* _Task details_
For this exercise, restate word for word only the lines from the first line of the data to the line containing "이더리움, 솔라나, 폴리곤과".

(Collection entries)
━━━━━━━━
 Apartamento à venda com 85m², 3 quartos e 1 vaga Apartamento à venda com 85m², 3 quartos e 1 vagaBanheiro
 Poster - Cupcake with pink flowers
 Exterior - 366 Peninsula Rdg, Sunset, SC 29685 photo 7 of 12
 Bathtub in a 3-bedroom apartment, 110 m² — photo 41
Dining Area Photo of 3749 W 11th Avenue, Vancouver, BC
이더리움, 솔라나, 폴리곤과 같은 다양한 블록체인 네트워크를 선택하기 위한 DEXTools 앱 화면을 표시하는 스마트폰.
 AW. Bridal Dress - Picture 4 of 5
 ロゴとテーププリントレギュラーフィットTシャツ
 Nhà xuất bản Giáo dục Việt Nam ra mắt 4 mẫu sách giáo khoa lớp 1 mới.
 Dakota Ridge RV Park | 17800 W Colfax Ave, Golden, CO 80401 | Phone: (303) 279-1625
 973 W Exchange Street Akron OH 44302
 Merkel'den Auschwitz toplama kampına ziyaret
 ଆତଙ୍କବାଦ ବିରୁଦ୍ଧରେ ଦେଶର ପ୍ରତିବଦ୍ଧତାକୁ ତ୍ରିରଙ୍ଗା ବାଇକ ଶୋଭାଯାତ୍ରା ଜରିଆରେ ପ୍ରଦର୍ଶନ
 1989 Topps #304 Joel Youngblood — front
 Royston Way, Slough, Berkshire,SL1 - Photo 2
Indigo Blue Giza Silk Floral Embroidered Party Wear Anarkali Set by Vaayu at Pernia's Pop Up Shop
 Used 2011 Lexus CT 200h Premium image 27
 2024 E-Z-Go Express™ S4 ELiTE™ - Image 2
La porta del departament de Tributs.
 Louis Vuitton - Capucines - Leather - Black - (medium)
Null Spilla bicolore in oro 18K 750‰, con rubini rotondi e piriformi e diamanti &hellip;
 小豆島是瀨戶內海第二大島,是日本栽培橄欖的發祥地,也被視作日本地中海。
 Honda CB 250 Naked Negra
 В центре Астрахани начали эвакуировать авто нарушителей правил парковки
━━━━━━━━
* _Result_
 Apartamento à venda com 85m², 3 quartos e 1 vaga Apartamento à venda com 85m², 3 quartos e 1 vagaBanheiro
 Poster - Cupcake with pink flowers
 Exterior - 366 Peninsula Rdg, Sunset, SC 29685 photo 7 of 12
 Bathtub in a 3-bedroom apartment, 110 m² — photo 41
Dining Area Photo of 3749 W 11th Avenue, Vancouver, BC
이더리움, 솔라나, 폴리곤과 같은 다양한 블록체인 네트워크를 선택하기 위한 DEXTools 앱 화면을 표시하는 스마트폰.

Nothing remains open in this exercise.